## Work instruction
Below are the records; retype each one exactly.

______

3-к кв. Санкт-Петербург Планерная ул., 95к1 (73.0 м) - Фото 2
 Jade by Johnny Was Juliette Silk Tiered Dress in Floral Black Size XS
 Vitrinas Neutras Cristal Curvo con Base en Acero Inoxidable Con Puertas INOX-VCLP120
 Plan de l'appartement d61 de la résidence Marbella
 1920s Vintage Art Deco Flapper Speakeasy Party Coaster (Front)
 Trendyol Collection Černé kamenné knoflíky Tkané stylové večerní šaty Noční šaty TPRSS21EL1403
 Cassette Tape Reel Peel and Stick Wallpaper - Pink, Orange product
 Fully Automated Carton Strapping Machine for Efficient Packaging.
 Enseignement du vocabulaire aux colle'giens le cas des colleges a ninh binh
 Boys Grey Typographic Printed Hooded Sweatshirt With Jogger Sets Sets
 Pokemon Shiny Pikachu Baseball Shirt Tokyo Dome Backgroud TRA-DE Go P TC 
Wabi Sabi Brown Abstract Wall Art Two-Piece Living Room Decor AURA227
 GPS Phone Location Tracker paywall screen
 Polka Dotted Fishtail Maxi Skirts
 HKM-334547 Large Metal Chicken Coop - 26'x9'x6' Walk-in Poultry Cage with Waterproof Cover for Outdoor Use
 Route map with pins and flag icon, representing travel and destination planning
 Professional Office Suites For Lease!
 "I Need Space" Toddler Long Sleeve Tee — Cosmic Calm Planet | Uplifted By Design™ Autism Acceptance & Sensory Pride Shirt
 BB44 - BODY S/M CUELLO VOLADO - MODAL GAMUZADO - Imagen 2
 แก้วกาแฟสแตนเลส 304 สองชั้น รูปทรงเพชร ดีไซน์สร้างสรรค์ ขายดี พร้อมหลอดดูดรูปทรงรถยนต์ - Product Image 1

______

## Answer section
3-к кв. Санкт-Петербург Планерная ул., 95к1 (73.0 м) - Фото 2
 Jade by Johnny Was Juliette Silk Tiered Dress in Floral Black Size XS
 Vitrinas Neutras Cristal Curvo con Base en Acero Inoxidable Con Puertas INOX-VCLP120
 Plan de l'appartement d61 de la résidence Marbella
 1920s Vintage Art Deco Flapper Speakeasy Party Coaster (Front)
 Trendyol Collection Černé kamenné knoflíky Tkané stylové večerní šaty Noční šaty TPRSS21EL1403
 Cassette Tape Reel Peel and Stick Wallpaper - Pink, Orange product
 Fully Automated Carton Strapping Machine for Efficient Packaging.
 Enseignement du vocabulaire aux colle'giens le cas des colleges a ninh binh
 Boys Grey Typographic Printed Hooded Sweatshirt With Jogger Sets Sets
 Pokemon Shiny Pikachu Baseball Shirt Tokyo Dome Backgroud TRA-DE Go P TC 
Wabi Sabi Brown Abstract Wall Art Two-Piece Living Room Decor AURA227
 GPS Phone Location Tracker paywall screen
 Polka Dotted Fishtail Maxi Skirts
 HKM-334547 Large Metal Chicken Coop - 26'x9'x6' Walk-in Poultry Cage with Waterproof Cover for Outdoor Use
 Route map with pins and flag icon, representing travel and destination planning
 Professional Office Suites For Lease!
 "I Need Space" Toddler Long Sleeve Tee — Cosmic Calm Planet | Uplifted By Design™ Autism Acceptance & Sensory Pride Shirt
 BB44 - BODY S/M CUELLO VOLADO - MODAL GAMUZADO - Imagen 2
 แก้วกาแฟสแตนเลส 304 สองชั้น รูปทรงเพชร ดีไซน์สร้างสรรค์ ขายดี พร้อมหลอดดูดรูปทรงรถยนต์ - Product Image 1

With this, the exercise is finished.